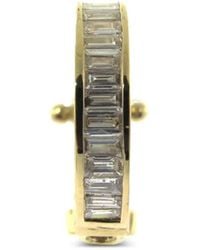Loree Rodkin - Pendiente earcuff en oro amarillo de 14 ct con diamantes - Lyst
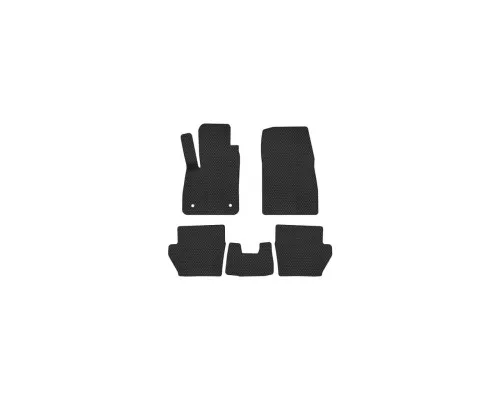 Килимок в салон EVAtech Ford Fiesta (Mark 8) 5 doors 2017+ 8 поколі (FD52173C5AV2RBB)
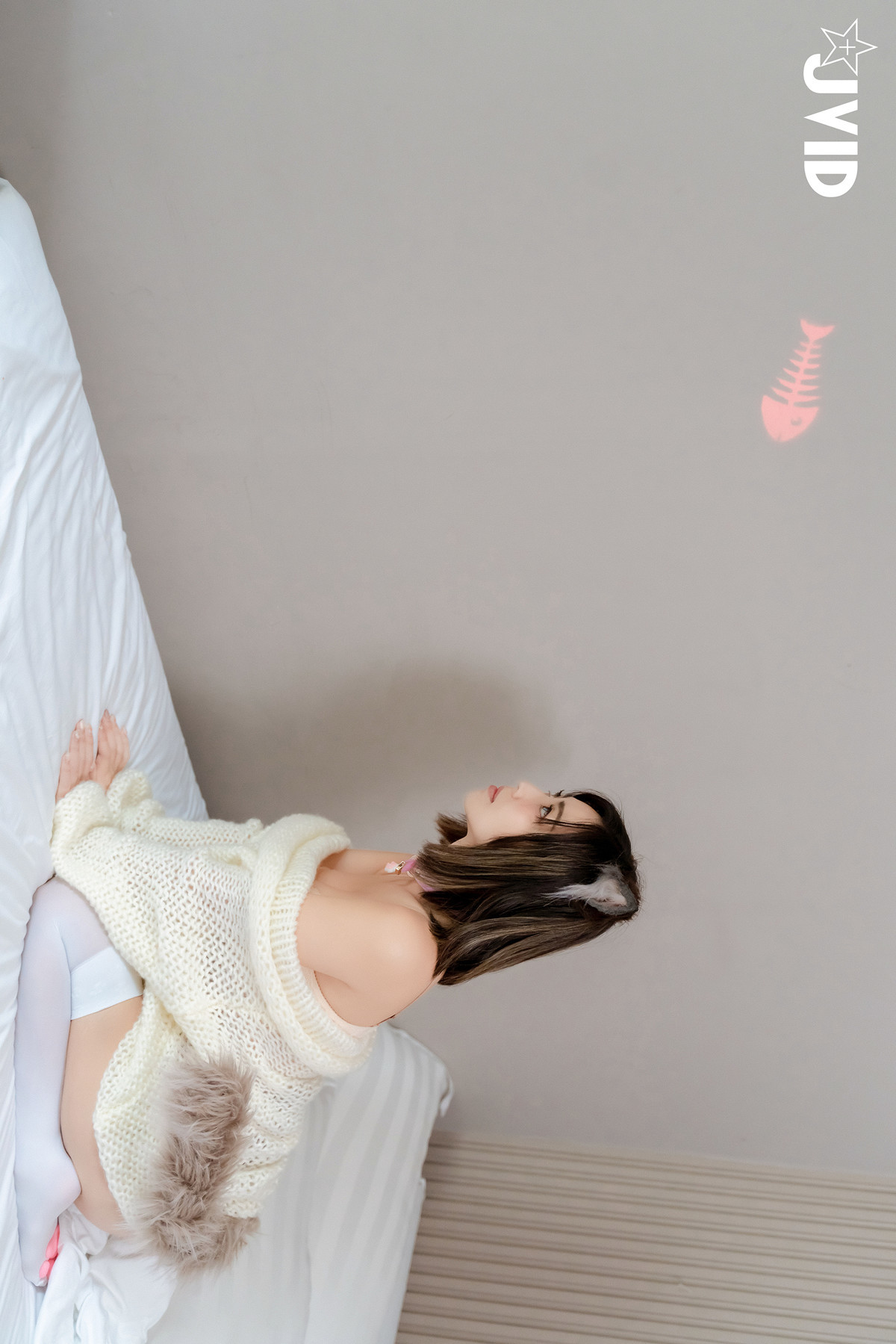 萌寵少女猫希希可愛い無極限Lovely-kitty-girl-08-17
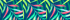 Baltic Teal Multi Palm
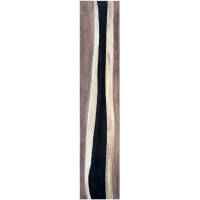 Epoxidharz Treppenstufe Massivholz Walnuss Schwarz River Optik 1000-300-22mm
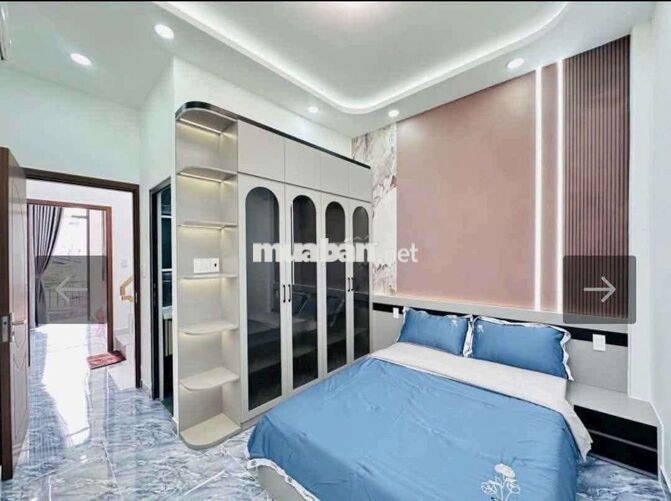 Bán nhà HXH Nguyễn Duy Cung, Gò Vấp, DT 35m2, 2 tầng, full nội thất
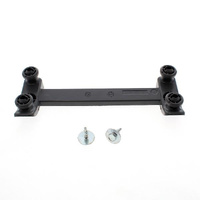 Whirlpool Whirlpool Dishwasher Top Cutlery Rack Wheels Support - 481010657401 spare part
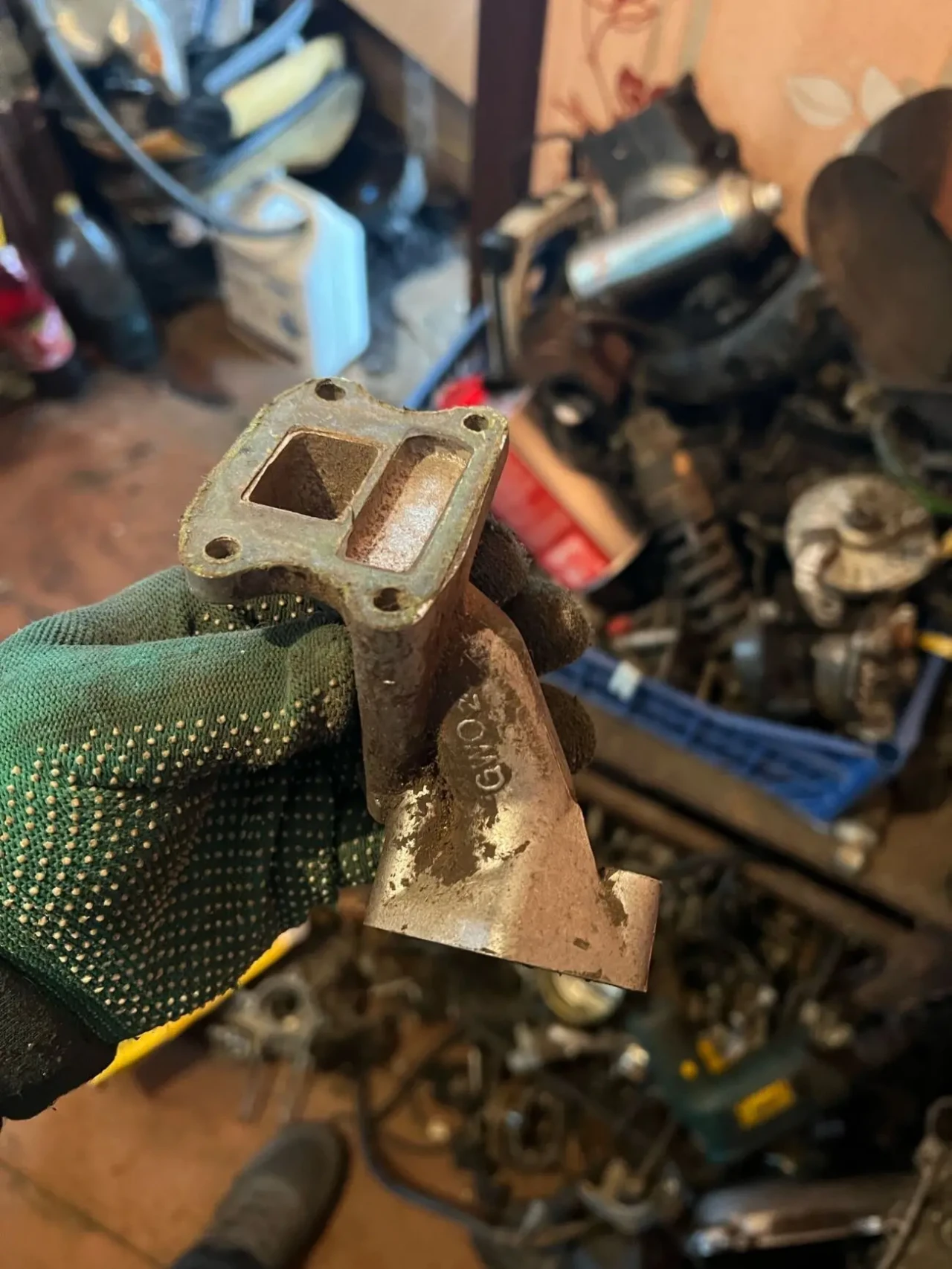 колектор Хонда діо 18 такт 24 3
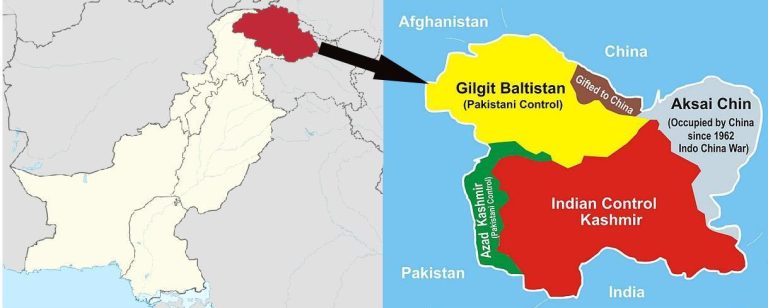 آزاد جموں وکشمیر اور گلگت بلتستان میں سیاسی حقوق کی صورتحال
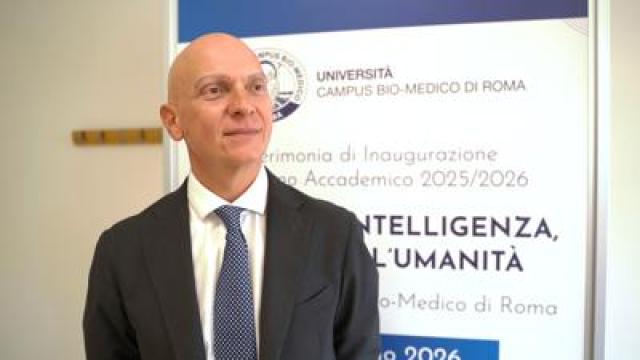 Vincenzi (Ucbm): "Formare talenti unendo scienza e principi etici"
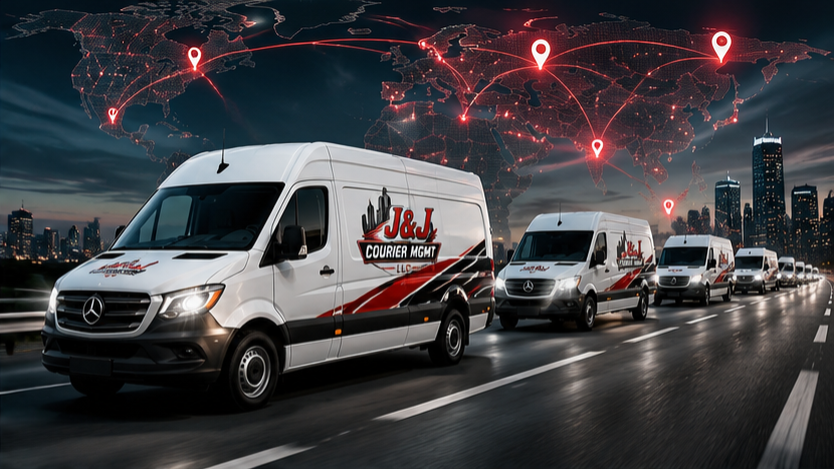 Same-day delivery operations hub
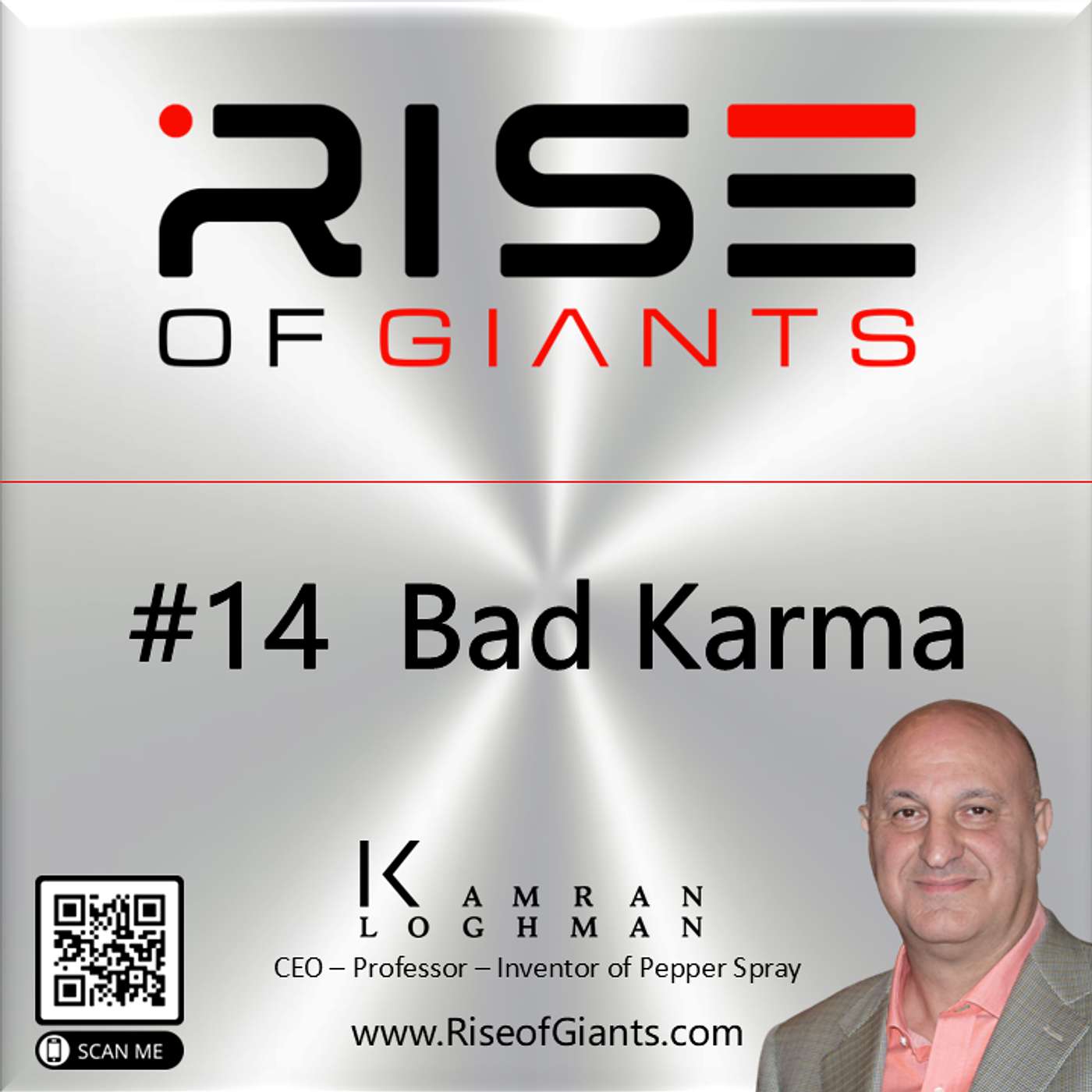 14:  BAD KARMA episode artwork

· · · ·

Exercise aim: Nothing but the lines from the one with "Same-day delivery operations hub" through the end of the entries above, both included, should be set down, exactly and without pictures.

Result of the task:
 Same-day delivery operations hub
 14:  BAD KARMA episode artwork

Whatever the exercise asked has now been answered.